When somebody leaves the arc chutes off, and it
happens frequently, the arc that forms when the contacts
open lasts longer and does serious damage to the contacts because all the current in the arc tends to leave
through one point and that point gets so hot that the
metal melts and tries to follow the current producing a
high spot on the contacts. The next time the contacts
close that high spot is the only place contact is made and
the metal is overheated because all the current for the
motor has to go through that one little point. It melts and
the coil pressure pushes the contacts together squeezing
that melted part out until enough metal is touching on
the contact to reduce the heat. Then the contact is fused
closed and it won’t necessarily open when the coil is deenergized. That’s when you’re running around trying to
find another way to shut the damn motor down!
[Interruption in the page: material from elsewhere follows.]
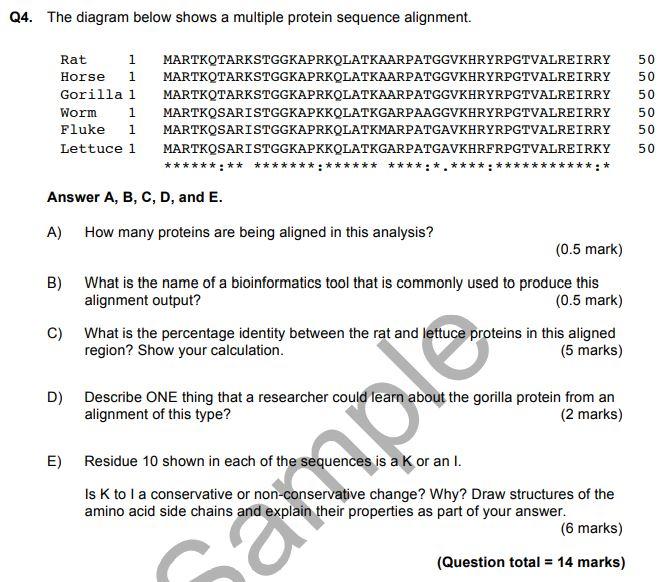 Solved Q4. The diagram below shows a multiple protein | Chegg.com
If only two of the contacts fuse together or something happens to one of the three circuit wires for a three
phase motor it runs on only one phase. We call that
single phasing because current can only flow one way at
a time between two wires. Three phase motors can operate on one phase if the load is low enough but it will
destroy the motor in a short period of time.
Three phase motors use three electrical currents
that flow between the wires. If they aren’t balanced the
motors can run hot and fail early. Your motor starter
terminals should be checked regularly (every two or
three years) and after any maintenance to be certain that
the voltage is balanced. Use a meter to measure the voltage on each pair of leads, L1 to L2, L2 to L3, and L3 to
L1. That big L, by the way, stands for “line” meaning
line voltage, the supply voltage. The difference between
the average difference and the lowest or highest measurement shouldn’t exceed five percent. If there is a big
difference in voltage you should get an electrician to
check everything in the plant.
That’s about all I know about three phase motors
Boiler Operator’s Handbook
that is worth telling an operator. The current has to flow
in all three wires for it to work and the current isn’t
flowing through each wire at the same rate and the voltage isn’t the same in any wire at any particular instant in
time. Don’t do anything that could result in one wire
having an open circuit when the others don’t.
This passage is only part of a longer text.